Lots of  Classic Autosports clients, friends, and Classic enthusiasts dropped in for a feast and a chat. The Glamis Extravaganza was also on that weekend and a number of participants came along for a free meal and a general chat with old friends and colleagues, including several personalities such as Bill Price who ran the BMC Competitions Department for over 20 years embracing cars from the MGA to Metro 6R4 and everything in between, a fascinating unassuming man with many good stories to tell.
 
In the workshop Dave has quite a selection of cars in various states of restoration or rebuild. I spotted a big Healey, several TR's and a brutal looking racing  400bhp TVR Tuscan  Challenge car. A 1937 Ford V8 Pilot Shooting Brake  (the only RHD one left out of 80 made) was in the paint booth. The term 'Shooting Break' evolved from the French term 'Break de Chasse,' which meant a break in the hunt. For British based vehicles, the term 'Brake' commonly referred to any station wagon carrying a hunting party to a location. These cars generally had a large coachbuilt area to house the hunters and their weapons, and Dave's version has the familiar wooden rear associated with the type.
 
But Classic Autosports  real speciality is Jaguar, of which XK120, 140, 150 and E Type are the favourites. The Jaguar XK120 has been quoted as "the greatest crumpet catchers of all time", and they have a workshop full of them in various states of restoration, all of which will live up to the quote for their owners when they roll out of the garage completed and ready to go.
 
Dave has acquired one of the 242 hand-built aluminum body XK120s of which only approximately 50 survive. The alloy XK120 was the fastest production car of its time - capable of 120 miles per hour. The first 1948/49 cars were handbuilt with an aluminium body over an ash frame. In 1950 Jaguar switched to mass-production using pressed-steel bodies. Early XK120s posted top speeds over 120 mph in magazine testing, and a specially prepared example reached almost 137 mph, making it the world's fastest production car.
 
Dave's example  (chassis number 120) was imported from the States and as you can see has a bit of work to be done before it takes to the roads around Arbroath. The car was bought new in March 1950 by Henry N Manney who later fitted it with aero screens and raced it. Manney was America's best known motoring journalist and road tester who worked for Road and Track magazine and was also responsible for writing the aforementioned quote "the best crumpet catcher in the world". 
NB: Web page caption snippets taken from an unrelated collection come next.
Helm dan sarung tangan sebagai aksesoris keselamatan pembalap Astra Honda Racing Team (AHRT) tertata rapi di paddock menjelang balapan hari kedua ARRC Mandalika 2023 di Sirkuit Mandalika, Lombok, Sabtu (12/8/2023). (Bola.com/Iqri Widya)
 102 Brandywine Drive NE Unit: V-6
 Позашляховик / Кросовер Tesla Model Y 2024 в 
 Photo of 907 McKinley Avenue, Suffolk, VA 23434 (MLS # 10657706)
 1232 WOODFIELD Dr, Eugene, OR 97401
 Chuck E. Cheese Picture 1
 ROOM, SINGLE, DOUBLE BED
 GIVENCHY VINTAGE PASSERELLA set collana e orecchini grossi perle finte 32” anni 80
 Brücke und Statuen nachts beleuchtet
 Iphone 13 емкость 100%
The front section of the car has a story to go with it. Dave found the car in Texas alongside the ex Clark Gable XK120 (chassis number 3) which was the very first XK to be imported into America in 1949 when Jaguar and other British manufacturers were on a big export drive to repay war loans. The owner of both these rare cars had taken the best parts of the bodywork for the Clark Gable car including the front end bodywork from Dave's chassis number 120. A close check of the left wing identified a hole where a radio ariel had once been fitted, which along with the aero screen fittings from the Manney car now on the Gable car, confirmed that the front of Dave's car has now got some tinsel town provenance to go with it!
 
How time flies when you are having fun, and only too soon the sun set and the flames on the barbeque died to warm embers as the day came to a close. But there is always 2012 to look forward too, when once again Dave, with sons Gareth and Innes, and John who knows all there is to know about rebuilding a Classic, will once again open the doors on the fascinating world of Classic Car restoration.